About a year ago I wrote about how tagging had become more than just a way to annotate content with keywords. Tags had become the wires by which disparate content could be connected. Through use of consistent and detailed tagging, I could begin associating my blog posts with my content on other web sites, such as my Flickr photos and my ma.gnolia links. This is, of course, the joy of API in action, and it made me think differently about how I was tagging my stuff.
Part of that thought was the inclusion of tags such geo:lat=50.382 which enabled me to associate a physical location with a blog post. Called triple tags at the time, we now know this format as machine tags thanks to Flickr. A year on, and other services such as Upcoming and Last.fm are encouraging their users to tag Flickr photos with machine tags such as upcoming:event=144002 and lastfm:event=97947 thereby associating photos with events and gigs, and enabling these services to illustrate content with relevant photography.
In terms of searching and API goodness, I believe Flickr is still the leader in terms of what can be done with machine tags. When tagging, the format is crucial and must be of the form namespace:predicate=value. Flickr recognises the three parts and stores them separately, thus enabling one to search within any namespace, for any predicate and/or for any value. Powerful stuff, as explained in Rev Dan Catt’s post earlier this year.
Anyone can invent any namespace and nomenclature. For example, I have tagged this photo with clagnut:blogid=1900 to explicitly associate it with this blog post. Flickr recognised the machine tag and now I can use the API to search for any photo tagged with the clagnut namespace.

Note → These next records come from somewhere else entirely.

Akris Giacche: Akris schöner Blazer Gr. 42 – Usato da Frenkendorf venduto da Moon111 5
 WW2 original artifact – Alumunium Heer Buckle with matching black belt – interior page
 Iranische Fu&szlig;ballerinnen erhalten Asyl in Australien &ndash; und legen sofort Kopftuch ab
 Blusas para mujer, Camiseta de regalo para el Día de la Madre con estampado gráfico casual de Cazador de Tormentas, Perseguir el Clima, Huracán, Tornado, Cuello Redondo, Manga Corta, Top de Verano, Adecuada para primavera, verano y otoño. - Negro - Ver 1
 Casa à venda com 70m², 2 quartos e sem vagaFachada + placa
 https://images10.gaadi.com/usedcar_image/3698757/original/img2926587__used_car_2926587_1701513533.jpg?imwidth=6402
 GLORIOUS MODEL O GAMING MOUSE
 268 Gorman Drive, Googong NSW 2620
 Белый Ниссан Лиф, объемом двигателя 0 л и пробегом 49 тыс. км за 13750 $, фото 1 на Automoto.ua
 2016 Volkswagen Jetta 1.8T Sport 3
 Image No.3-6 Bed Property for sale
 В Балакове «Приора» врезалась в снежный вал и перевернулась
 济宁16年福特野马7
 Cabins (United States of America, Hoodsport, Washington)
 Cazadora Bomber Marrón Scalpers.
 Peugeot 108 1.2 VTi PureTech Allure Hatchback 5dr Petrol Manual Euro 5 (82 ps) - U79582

The ability for anyone to create a namespace opens up an interesting future as we begin to see patterns and conventions emerge: amazon:asin=B000AA4I1M anyone? Which brings me to the point of this post. This time last year I was tagging photos and posts which discussed books in the following manner isbn=0713998393. In and of itself this works fine, but it is not a valid machine tag, which means we cannot make use of the afore-mentioned API goodness within Flickr (and where Flickr is leading so others will follow). We therefore need a triple-tag version of the ISBN tag, and here’s my suggestion: iso:isbn=0713998393. ISBN is a standard recognised by the International Organisation for Standardization (ISO) so I thought it made a certain sense for ISO to be the namespace. Other standardised entities could be tagged in a similar way, such as iso:issn=15340295.
Is an ISO namespace something likely to be used in the future? Is it fatally flawed, and if so how would you suggest machine tagging ISBNs instead? Discuss.
Update Further to Peter Firminger’s comment it seems Machinetags.org might become a good place to propose and develop define new namespaces.
Angus McIntyre wrote:
The use of ‘iso’ makes lots of sense to me.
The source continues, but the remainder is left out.